[Supplied information Boundary: Start]
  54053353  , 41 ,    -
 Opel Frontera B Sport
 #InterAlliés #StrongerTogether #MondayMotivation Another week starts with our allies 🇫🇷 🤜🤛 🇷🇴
[Supplied information Boundary: End]
▸ **Problem statement**: Quote the line that contains "Opel Frontera B Sport" and each line after it through the end of the data, exactly, leaving out everything else.

▸ **Finished task**:
 Opel Frontera B Sport
 #InterAlliés #StrongerTogether #MondayMotivation Another week starts with our allies 🇫🇷 🤜🤛 🇷🇴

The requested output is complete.